HOW TO COMPLETE THIS TASK: When you reach the line with "Prestige Food and Wine Logo" in the listing below, write out that line and every one after it exactly, and skip the pictures.

DATA FOR ANALYSIS:
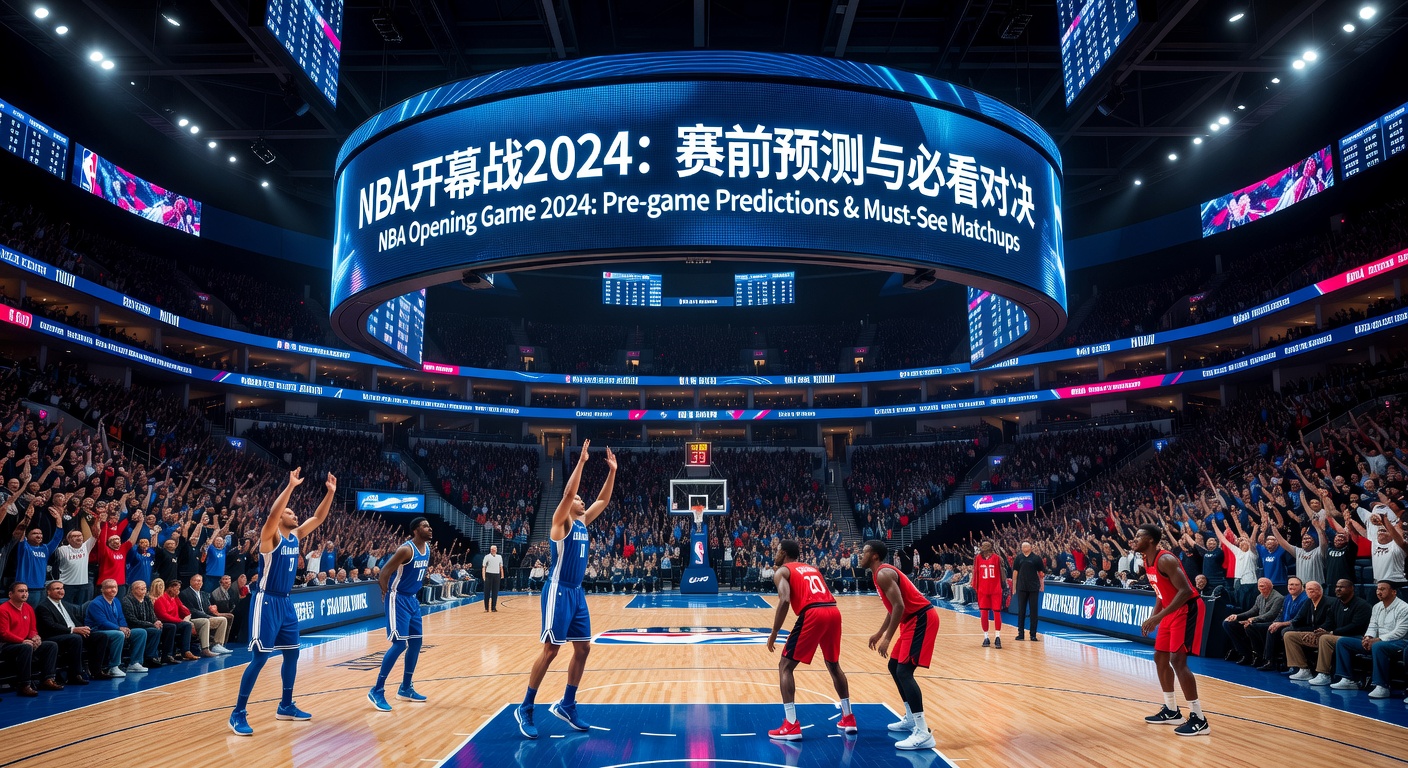 NBA开幕战2024：赛前预测与必看对决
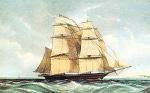 William A. Knell art print
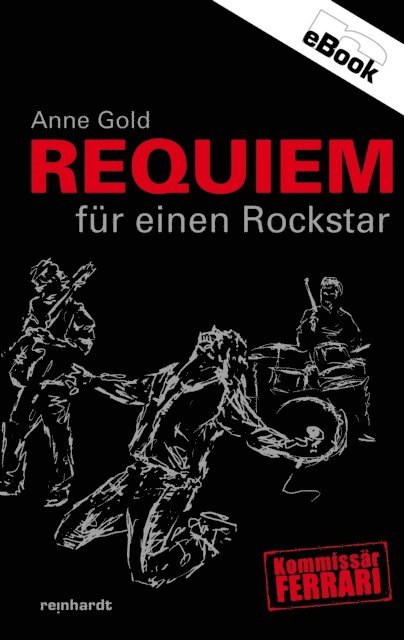 Anne Gold - Requiem für einen Rockstar, E-bok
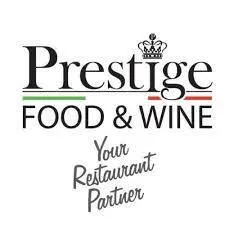 Prestige Food and Wine Logo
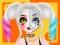 Žaidimas Princess Halloween Makeup Halffaces Tutorial internete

TASK ANSWER:
 Prestige Food and Wine Logo
 Žaidimas Princess Halloween Makeup Halffaces Tutorial internete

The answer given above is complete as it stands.